→ Task brief
Look below for the line containing "Pantalón de mujer"; from there, print each line exactly up to and including the line containing "2T1KR32E73C079380 - 2003", and stop.

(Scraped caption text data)
======

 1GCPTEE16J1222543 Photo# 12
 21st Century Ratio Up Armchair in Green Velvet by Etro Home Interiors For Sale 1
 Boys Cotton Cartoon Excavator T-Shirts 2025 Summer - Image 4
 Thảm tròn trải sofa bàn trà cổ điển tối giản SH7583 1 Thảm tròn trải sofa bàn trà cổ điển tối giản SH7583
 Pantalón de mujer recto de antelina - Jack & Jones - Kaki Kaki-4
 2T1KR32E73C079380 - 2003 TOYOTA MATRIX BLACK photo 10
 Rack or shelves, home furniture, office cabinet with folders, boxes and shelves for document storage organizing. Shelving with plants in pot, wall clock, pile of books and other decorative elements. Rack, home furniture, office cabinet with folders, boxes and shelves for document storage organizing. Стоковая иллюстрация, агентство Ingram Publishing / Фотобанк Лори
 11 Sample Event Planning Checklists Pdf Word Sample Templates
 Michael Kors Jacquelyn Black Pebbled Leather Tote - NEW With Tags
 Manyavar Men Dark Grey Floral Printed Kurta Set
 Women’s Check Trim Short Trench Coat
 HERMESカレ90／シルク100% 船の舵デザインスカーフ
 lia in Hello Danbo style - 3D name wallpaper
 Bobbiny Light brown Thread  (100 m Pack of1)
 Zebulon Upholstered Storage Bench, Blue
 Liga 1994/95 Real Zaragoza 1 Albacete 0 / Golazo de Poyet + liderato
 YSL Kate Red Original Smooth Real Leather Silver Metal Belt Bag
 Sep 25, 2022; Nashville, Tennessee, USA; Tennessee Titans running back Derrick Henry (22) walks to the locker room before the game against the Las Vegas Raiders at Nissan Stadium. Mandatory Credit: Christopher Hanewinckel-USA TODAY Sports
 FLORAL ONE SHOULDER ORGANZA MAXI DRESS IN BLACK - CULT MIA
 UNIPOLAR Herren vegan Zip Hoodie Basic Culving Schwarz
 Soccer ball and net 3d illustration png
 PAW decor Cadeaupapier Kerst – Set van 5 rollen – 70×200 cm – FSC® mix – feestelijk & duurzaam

======

→ Result for this task
 Pantalón de mujer recto de antelina - Jack & Jones - Kaki Kaki-4
 2T1KR32E73C079380 - 2003 TOYOTA MATRIX BLACK photo 10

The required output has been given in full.